● **TASK PROMPT**
Although the records contain pictures, only their text should be set down, exactly as written.

——————————

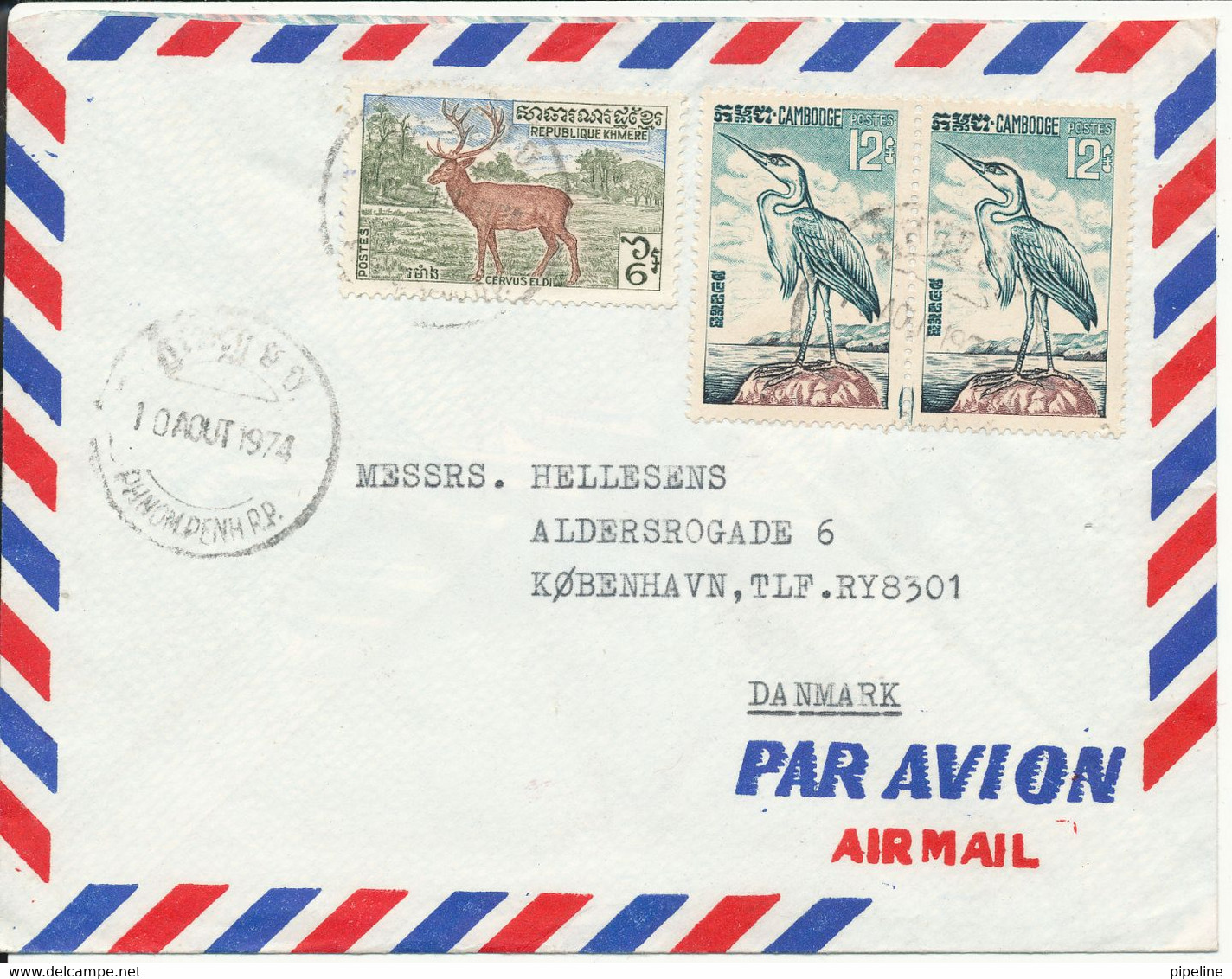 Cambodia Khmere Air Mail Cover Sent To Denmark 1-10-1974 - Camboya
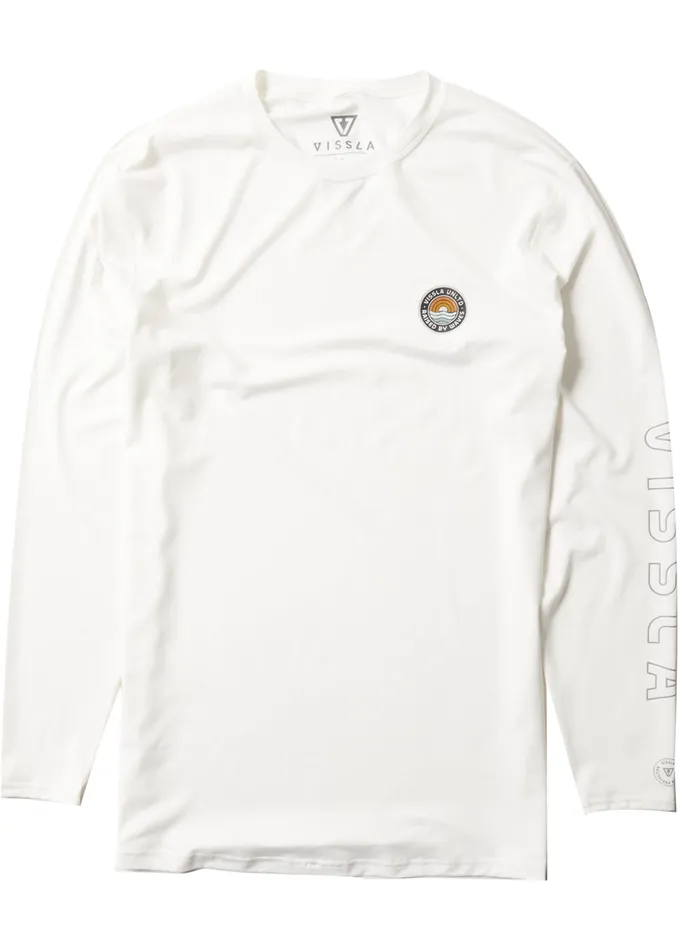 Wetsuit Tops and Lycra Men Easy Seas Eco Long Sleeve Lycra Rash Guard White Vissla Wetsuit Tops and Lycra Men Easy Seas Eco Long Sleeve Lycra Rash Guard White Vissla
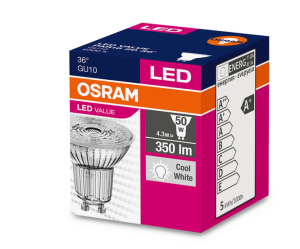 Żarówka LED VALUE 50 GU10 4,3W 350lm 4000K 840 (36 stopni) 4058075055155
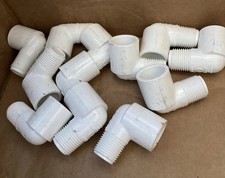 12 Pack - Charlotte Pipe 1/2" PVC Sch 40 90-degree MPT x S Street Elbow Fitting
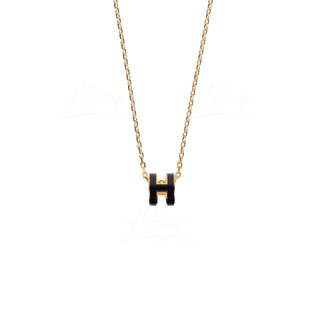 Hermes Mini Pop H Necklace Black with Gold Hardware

——————————

● **RESULT**
 Cambodia Khmere Air Mail Cover Sent To Denmark 1-10-1974 - Camboya
 Wetsuit Tops and Lycra Men Easy Seas Eco Long Sleeve Lycra Rash Guard White Vissla Wetsuit Tops and Lycra Men Easy Seas Eco Long Sleeve Lycra Rash Guard White Vissla
 Żarówka LED VALUE 50 GU10 4,3W 350lm 4000K 840 (36 stopni) 4058075055155
 12 Pack - Charlotte Pipe 1/2" PVC Sch 40 90-degree MPT x S Street Elbow Fitting
 Hermes Mini Pop H Necklace Black with Gold Hardware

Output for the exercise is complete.